§ **What this task involves**:
Below are entries with pictures in them. Output exactly the lines starting at the line with "Uraba lugens (Gumleaf" and ending at the line with "Ягодные функциональные таблетки", both included, but not the pictures.

Scraped caption text data:
##########

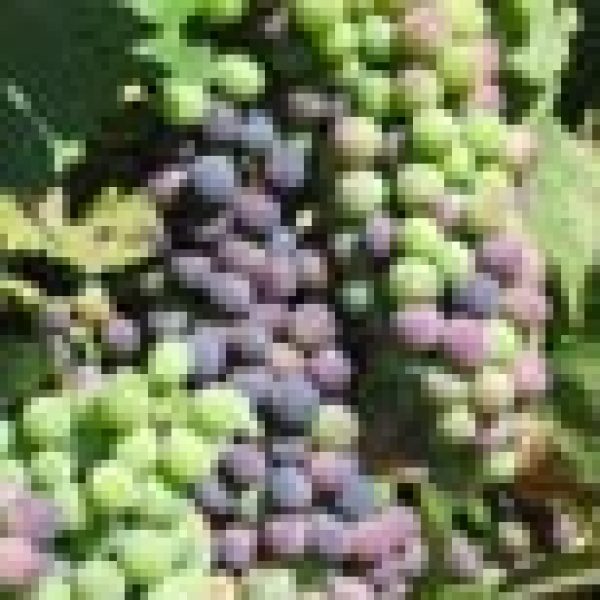 Syrah to become New Zealand’s third grape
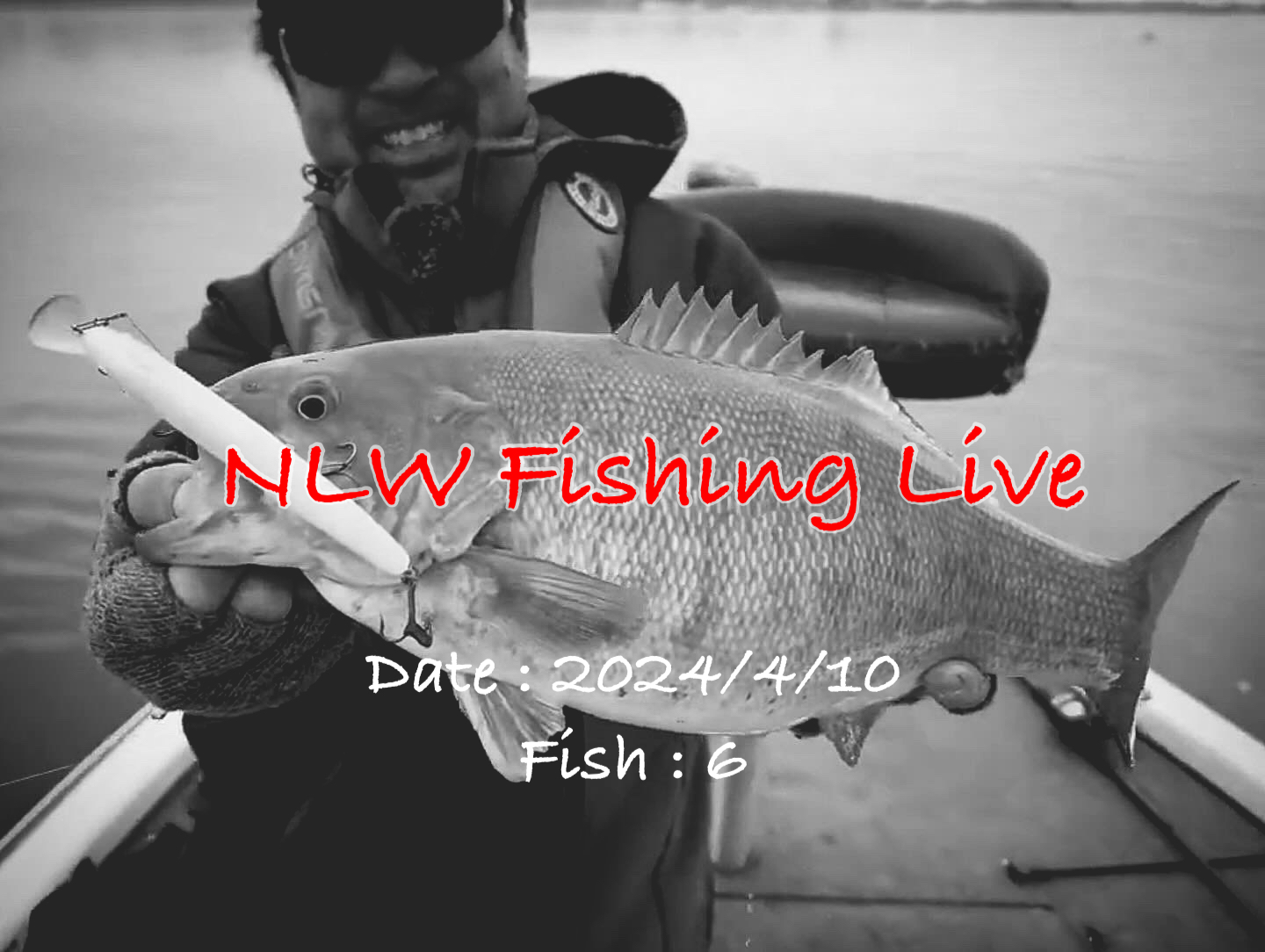 NLW Fishing Live - 2024/4/10 - 早春のナイアガラリバーでカワスモ狙い - Nishine Lure Works　裏日記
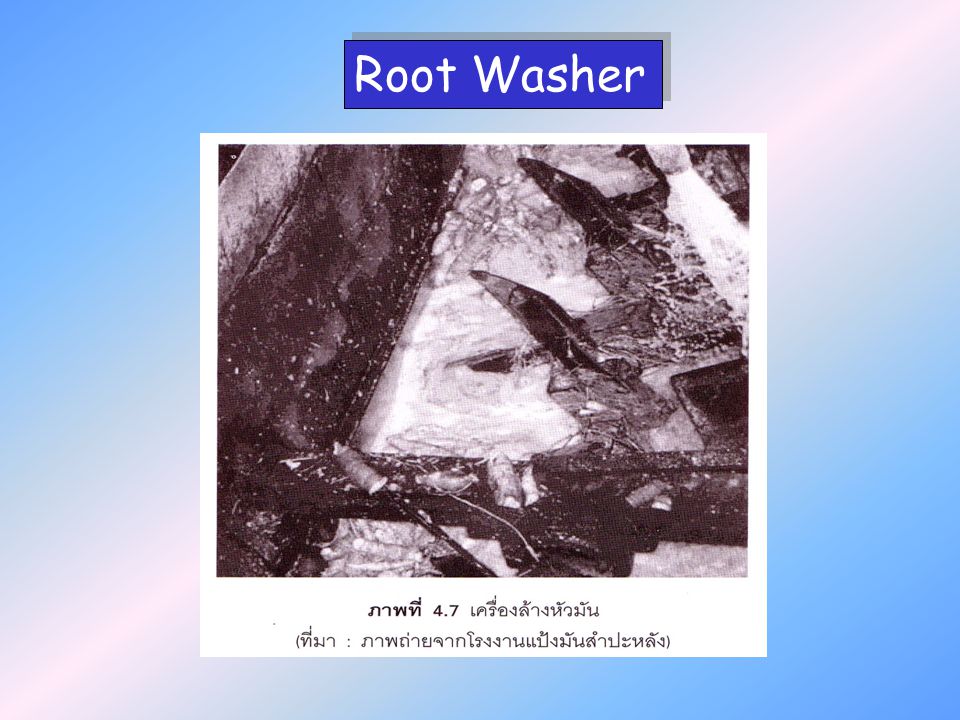 Root Washer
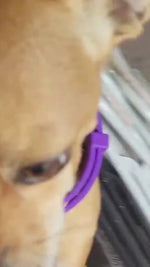 Load and play video in Gallery viewer, Cat calming collar with lavender scent
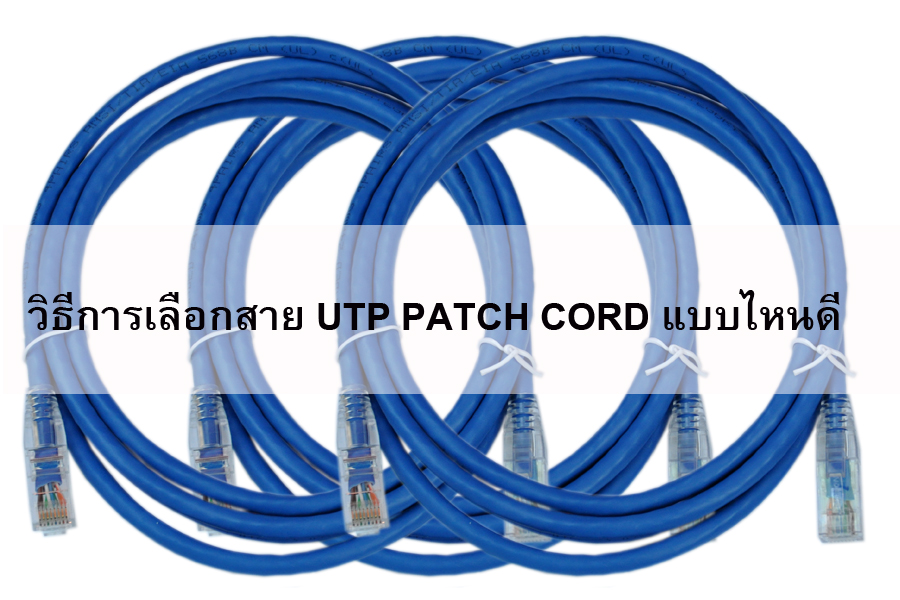 วิธีการเลือกสาย UTP PATCH CORD แบบไหนดี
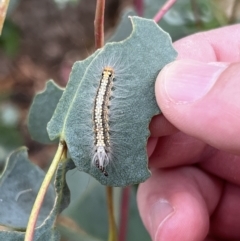 Uraba lugens (Gumleaf Skeletonizer) at Stromlo, ACT - 5 Mar 2022 by JimL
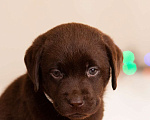 Собаки в Севастополе: Шоколадные лабрадоры Девочка, 45 000 руб. - фото 2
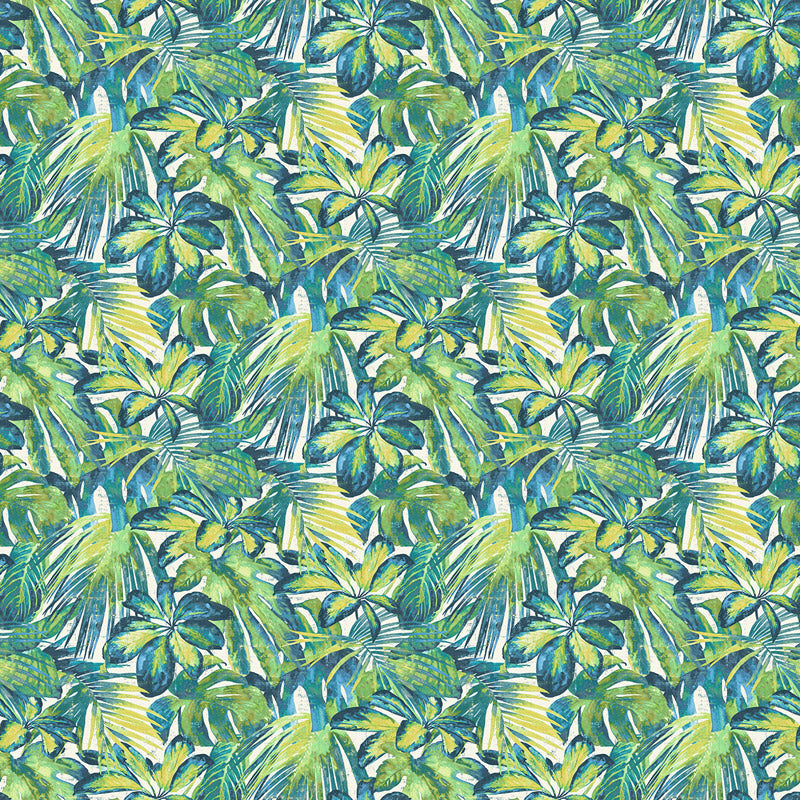 PALM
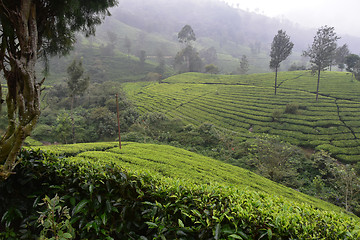 Image showing Tea Gardens in India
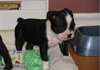 CHIOT mâle boston terrier - photo 1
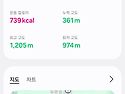 용서기&진아의 2025년영남알프스 7봉..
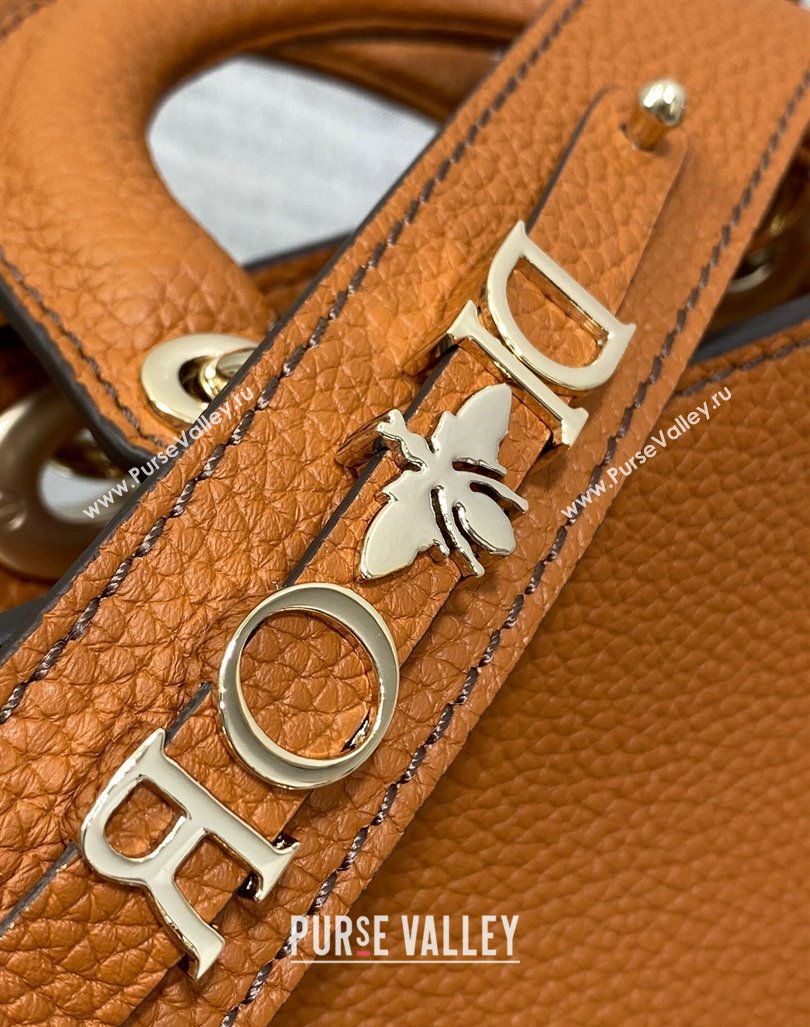 Dior Small Lady D-Sire My ABCDior Tote Bag in Dark Brown Grained Calf Leather 2024 (XXG-240415107)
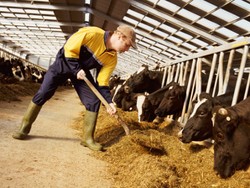 Akibat Kemarau Panjang, Sapi Diberi Makan Permen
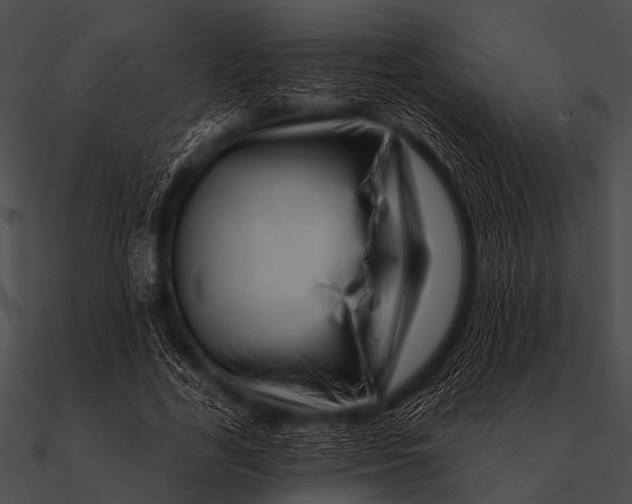 X0000090480731200708031124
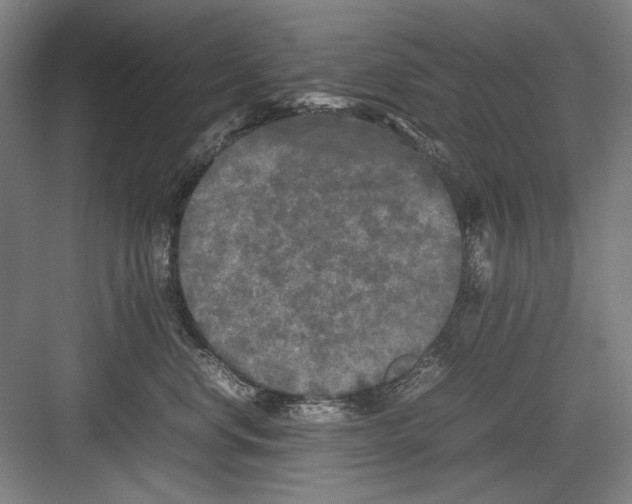 X0000082170668200702162302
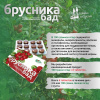 Ягодные функциональные таблетки Брусника БАД от магазина Ягоды Карелии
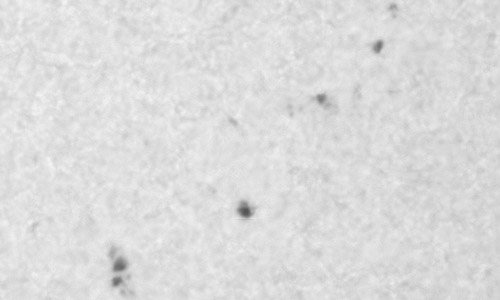 2025年8月18日（活動領域14180）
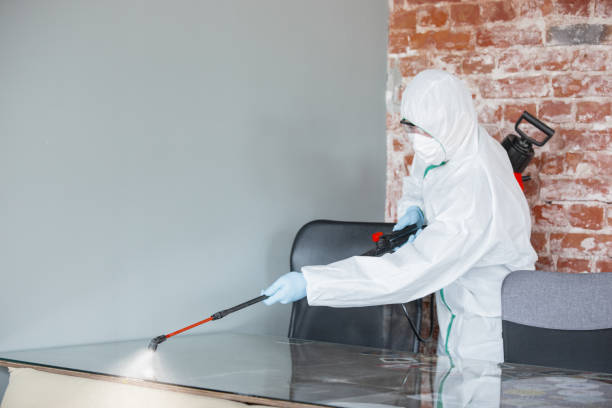 Best Attic Mold Removal  in North Chicago, IL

##########

§ **Written solution**:
 Uraba lugens (Gumleaf Skeletonizer) at Stromlo, ACT - 5 Mar 2022 by JimL
 Собаки в Севастополе: Шоколадные лабрадоры Девочка, 45 000 руб. - фото 2
 PALM
 Image showing Tea Gardens in India
 CHIOT mâle boston terrier - photo 1
 용서기&진아의 2025년영남알프스 7봉..
 Dior Small Lady D-Sire My ABCDior Tote Bag in Dark Brown Grained Calf Leather 2024 (XXG-240415107)
 Akibat Kemarau Panjang, Sapi Diberi Makan Permen
 X0000090480731200708031124
 X0000082170668200702162302
 Ягодные функциональные таблетки Брусника БАД от магазина Ягоды Карелии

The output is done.